The Biblical story says that Moses parted the Red Sea so he could lead his people to safety. In a Mohonasen middle school yesterday, a crowd of teachers formed its own Red Sea in striking red attire to support a Day of Action, and they parted with plans to keep on being active to protect public schools.
“These are really important times for public education,” said eighth-grade English teacher Danielle Grainer. She joined others to push back against the push to privatize more public schools.
“We will shield against the extortion of public schools,” wrote Brenda Stahl, science and math teacher, on a poster “shield.” The declarative shields were used in schools across the state for yesterday’s campaign to reclaim our schools, supported by NYSUT, the American Federation of Teachers, Alliance to Reclaim Our Schools, local unions and community groups.
“Education is about students, not profit,” Stahl said as she walked to join her fellow educators and members of the Mohonasen Teachers Association in a solidarity gathering in the lobby. “Our union is pretty involved. They asked us to stand behind our convictions.”
“I’m here in support of the union, the school and my colleagues,” added Jennifer Fritz-Walbroehl, family and consumer science teacher, as she hustled down the hall just after the dismissal bell rang and students flooded the exit doors.
MTA President Maria Pacheco introduced NYSUT President Karen E. Magee, who kept the red theme all the way to her toes with bright red shoes.
“We always knew schools were a safe place for our kids, but the world has changed,” said Magee. “We all need to be together as one voice to beat back attempts to privatize, to segregate.”

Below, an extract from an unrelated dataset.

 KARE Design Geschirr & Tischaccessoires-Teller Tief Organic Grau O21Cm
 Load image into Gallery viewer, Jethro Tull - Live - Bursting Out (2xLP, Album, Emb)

Secretary of Education nominee Betsy DeVos has a poor track public ed record. She’s a supporter of privatizing schools and creating for-profit charter schools in Michigan; they rank extremely low.
“She’s not about accountability, she’s about profits,” Magee said. Creating charter schools siphons money off of public schools.
When corporations pluck schools for profit, it endangers access for all children, including those with special needs; funding for public schools; and accountability.
“Public education is the great equalizer,” Magee said. “It is what preserves democracy.”
As a classroom teacher for nearly 30 years, Magee encouraged the circle of teachers that surrounded her to keep their spirits up and “keep in mind those ‘A-ha’ moments,” and “the families whose lives you touch.”
The work of educators, she said, is what ensures that every day school is a safe, welcoming place. Magee urged the group to stay “loud and proud,” and to “raise the tide for all boats.”
Social studies teacher Mark Dicocco, political action chair for the MTA, said it is important to get the message out to the public and to “put pressure on politicians to advocate for change.”
Thursday’s actions in the two-story brick building, which houses 660 students, were an extension of the duties of teaching that these educators carry with them day and night.
As physical education and health teacher Doug Hallberg told his students before the dismissal bell rang: “We can’t always choose what happens to us, but we can choose how to respond.”